On Nvidia consumer GPUs such as the RTX 4090, FP16/32 matrix multiplication is limited to run at half the speed of FP16/16, meaning users need to choose between either using tensor core operations that accumulate in FP16 precision or only getting 50% of the GPU’s peak performance.
We can improve the accuracy of FP16/16 matrix multiplication with a two-stage accumulation strategy: use FP16/16 tensor core mma
instructions but accumulate the results outside the mma
in separate FP32 registers.
This is done by changing the main loop of the matmul kernel from
for (int k=0; k < K; K += K_BLOCK) {
// load global->shared->reg etc.
// ...
mma_m16n8k16(aReg, bReg, dReg, dReg);
__syncthreads();
}
to (simplified for clarity)
unsigned cReg[2] = {0};
for (int k=0; k < K; K += K_BLOCK) {
// load global->shared->reg etc.
// ...
dRegPtr = reinterpret_cast<half *>(dReg);
mma_m16n8k16(aReg, bReg, cReg, dReg);
dRegAcc[0] += __half2float(dRegPtr[0]);
dRegAcc[1] += __half2float(dRegPtr[1]);
dRegAcc[2] += __half2float(dRegPtr[2]);
dRegAcc[3] += __half2float(dRegPtr[3]);
__syncthreads();
}
The full code is available in Kernel 3.2 here.

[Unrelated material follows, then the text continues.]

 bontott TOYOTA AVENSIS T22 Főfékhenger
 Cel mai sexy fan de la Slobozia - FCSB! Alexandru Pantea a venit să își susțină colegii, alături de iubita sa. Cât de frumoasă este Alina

An alternative approach to maintaining separate FP32 accumulator registers in the main loop would be to use Split/Stream-K and convert to FP32 when accumulating partial results.
Performance
We look at the performance impact on one problem shape: M=N=K=4096, using normally distributed inputs 1. Benchmarking setup as described in my previous post on Ada matmuls.
On this problem shape, the two-stage accumulation kernel achieves 209.1 TFLOP/s, which is 79% of cuBLAS FP16/16 performance.
Kernel | Execution Time | TFLOP/s | % 4090 peak FP16/16 |
---|---|---|---|
cublasGemmEx FP16/32 | 895 us | 153.6 | 47.5% |
Two-stage accumulation | 657 us | 209.1 | 63.3% |
cublasGemmEx FP16/16 | 520 us | 264.2 | 80.0% |
Accuracy
We compare the results of each kernel to a reference kernel that computes the matmul using FP32 operations on CUDA cores. Percentiles of absolute error of each kernel compared to this reference are shown in the plot below.
Roughly speaking the two-stage accumulation kernel has ~100x larger absolute error than cuBLAS FP16/32, and ~10x smaller absoluter error than cuBLAS FP16/16.
So the two-stage kernel is 36% faster than cuBlAS FP16/32 but with ~100x larger absolute error, as compared to cuBLAS FP16/16 which is 72% faster with ~1000x the absolute error.